* **EXERCISE**: Each entry that follows should be set down precisely, with its pictures removed.

── INPUT

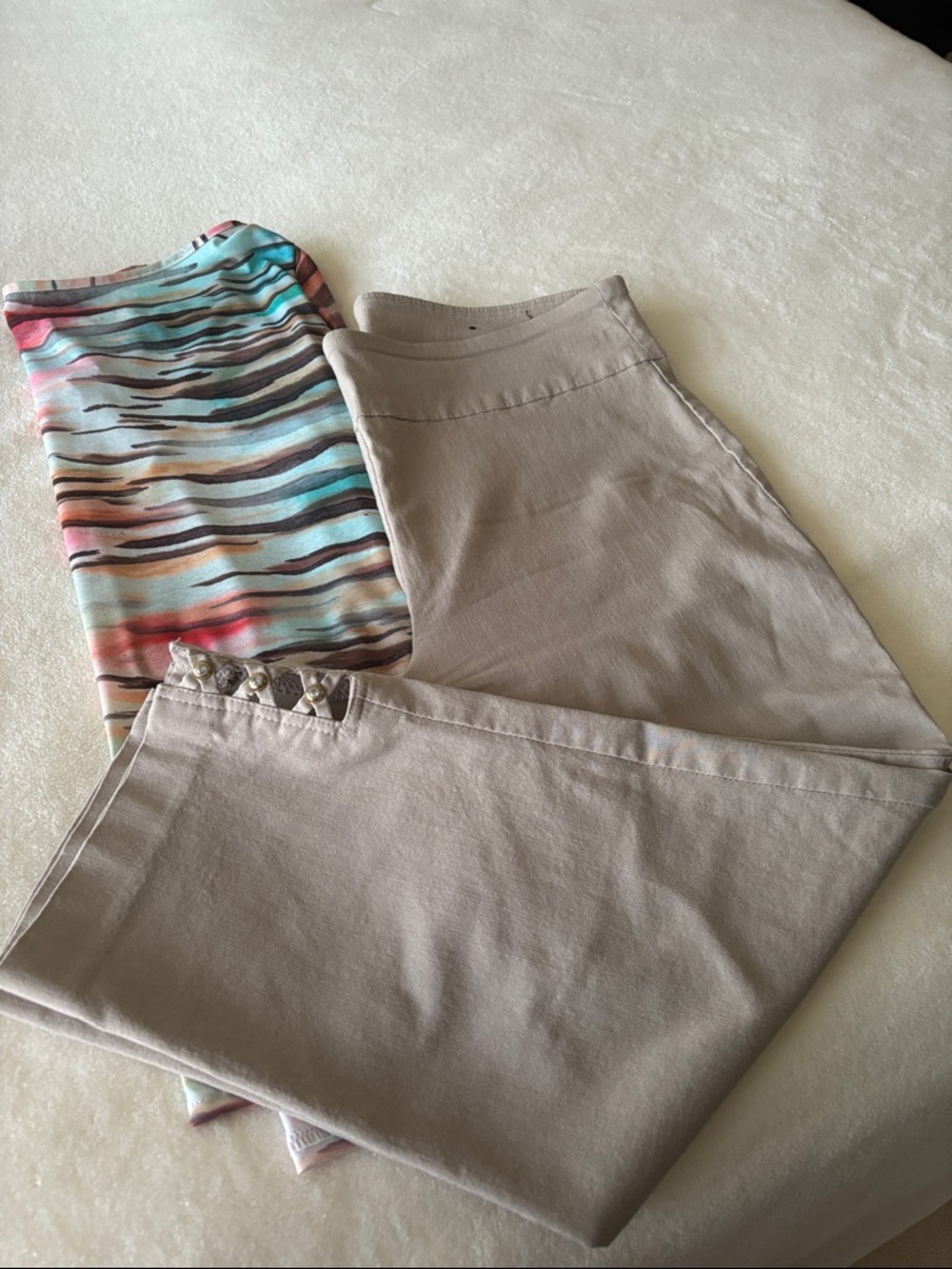 Two pieces
Attyre Beige Stretchy Pull-On Capris and Peck&Peck Top PETITE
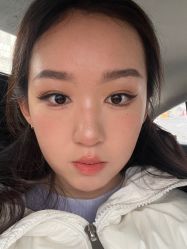 -红馆妆造(中央大街店)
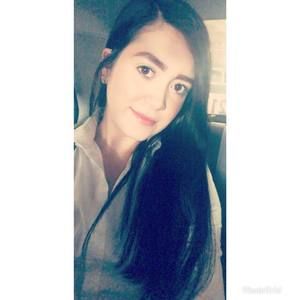 Meet your Posher, Alondra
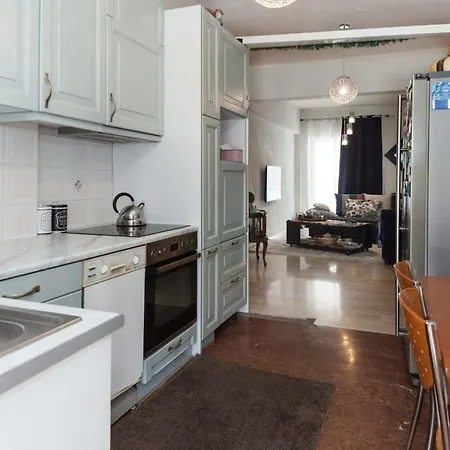 Apartment Urban Cosy 2 Bd Apt Near Metro With Balcony *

────

* **RESPONSE**:
 Two pieces
Attyre Beige Stretchy Pull-On Capris and Peck&Peck Top PETITE
 -红馆妆造(中央大街店)
 Meet your Posher, Alondra
 Apartment Urban Cosy 2 Bd Apt Near Metro With Balcony *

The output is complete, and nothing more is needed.